By SAW YAN NAING
The issue of Rohingya boatpeople is still unsettled following the completion of a two-day regional conference on illegal migration issues held in Bali, Indonesia, as Burmese officials continue to reject the Rohingya as their citizens, according to experts who attended the meeting.
“The meeting did not address any proper solution for the Rohingya. We have to see what the ‘working group’ will be doing,” said Chris Lewa, an expert on Rohingya issues, referring to a group consisting of Burma, Thailand, Indonesia and Bangladesh, which agreed to continue to work together to resolve the issue.
The four countries discussed the Rohingya situation on the sidelines of the two-day Third Bali Regional Ministerial Conference on People Smuggling, Human Trafficking and Related Transnational Crimes, held in Bali from April 14-15, but failed to reach an agreement, said Lewa.
The main stumbling block was the refusal of Burmese police chief Brig-Gen Khin Yi, who attended the Bali meeting as a representative of the country’s military government, to recognize the Rohingya as Burmese citizens. He also denied that they were persecuted by the junta.
“The response from the police chief was … the traditional response of Myanmar [Burma] not to accept the notion of citizenship,” Australian Foreign Minister Stephen Smith was quoted as saying in a report by The Sydney Morning Herald.
However, some observers at the meeting, which was attended by 41 Asia-Pacific country members, 19 observing countries and 13 international organizations, said that it was a positive sign that Burma had agreed to discuss the Rohingya issue at an international forum for the first time.
Other countries have also agreed to do more to deal with the plight of the Rohingya, which attracted world attention earlier this year when the Thai Navy arrested more than 1,200 Rohingya boatpeople and allegedly towed them out to sea and set them adrift in engineless boats with little food or water.

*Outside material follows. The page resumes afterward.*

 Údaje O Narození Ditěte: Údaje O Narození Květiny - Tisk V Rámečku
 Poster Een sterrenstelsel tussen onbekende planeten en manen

“Thailand has confirmed that they will not push them back out to sea,” said Lewa.
Australia will also provide $3.2 million in additional funds for humanitarian assistance to Rohingyas living in western Burma’s Arakan State in order to improve their living circumstances and provide them with better economic opportunities.
Leaders of the Association of Southeast Asian Nations also agreed that the issue is a regional problem and should be resolved through the Bali Process, which is an international agreement on human trafficking.